LinuxQuestions.org - Python Combing Two Commands

- Programming (https://www.linuxquestions.org/questions/programming-9/)

- - Python Combing Two Commands (https://www.linuxquestions.org/questions/programming-9/python-combing-two-commands-4175546332/)

Python Combing Two Commands

I have been digging deeper into Python and want to make my code as efficient as possible. The less line of code the better so I have been experimenting and wanted to ask the Python gurus if this is possible. So:

Code:

...

...

In [109]: kbfileurl = re.search('<p>For more information about this update.*</p>', tbull.text.encode('utf8'))

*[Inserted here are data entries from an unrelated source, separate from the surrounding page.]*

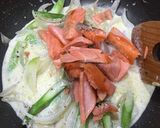 鮭とアスパラのマスタードクリームパスタ作り方3写真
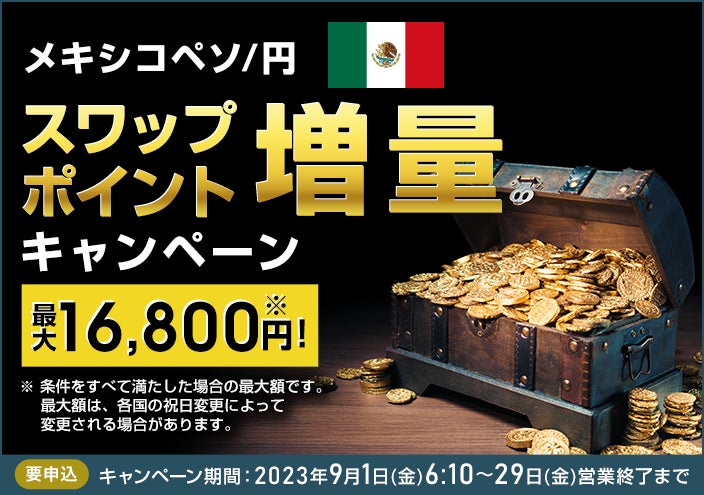 【セントラル短資ＦＸ】メキシコペソ/円のスワップポイントを増量！！！！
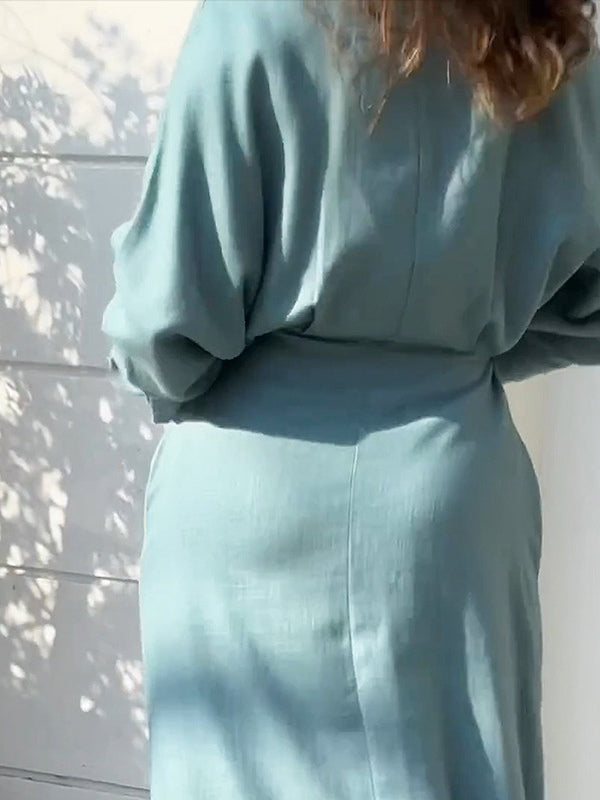 Elegant Long-Sleeve Simple Shirt Dress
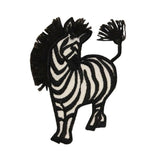ID 0628A Wild Zebra Patch Long Mane Safari Animal Embroidered Iron On Applique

In [110]: kbfileurl.group()

Out[110]: '<p>For more information about this update, see <a href="https://support.microsoft.com/kb/3020393">Microsoft Knowledge Base Article 3020393</a>.</p>'

So based on the string of the url that I parsed out of the html page, I would like to pull only in a one-liner:
https://support.microsoft.com/kb/3020393
So is it possible to combine kbfileinfo,group with re,compile:

Code:

kbfileurl.group().encode('ascii')re.compile(r'\bhttps://support.microsoft.com/kb/d+\b')

to parse out:
https://support.microsoft.com/kb/3020393
??

After playing around with it, I did a small modification and came up with but not exactly a one-liner:

Code:

In [201]: kbfileurl = re.search('<p>For more information about this update.*</p>', tbull.text.encode('utf8')).group()



In [202]: kbfileurl

Out[202]: '<p>For more information about this update, see <a href="https://support.microsoft.com/kb/3020393">Microsoft Knowledge Base Article 3020393</a>.</p>'



In [203]: kburl = re.search(r'\bhttps://support.microsoft.com/kb/\d+\b', kbfileurl).group(0)



In [204]: kburl

Out[204]: 'https://support.microsoft.com/kb/3020393'

You should not write your own regex to parse HTML in the real world, but nothing wrong with trying to do it for learning.

Anyway, you should be doing this with one regex search. If this works, it works:

Code:

re.search(r'\bhttps://support.microsoft.com/kb/d+\b', CONTENTS_OF_ENTIRE_FILE)

If that's returning too many results, then put more contextual information in the regex.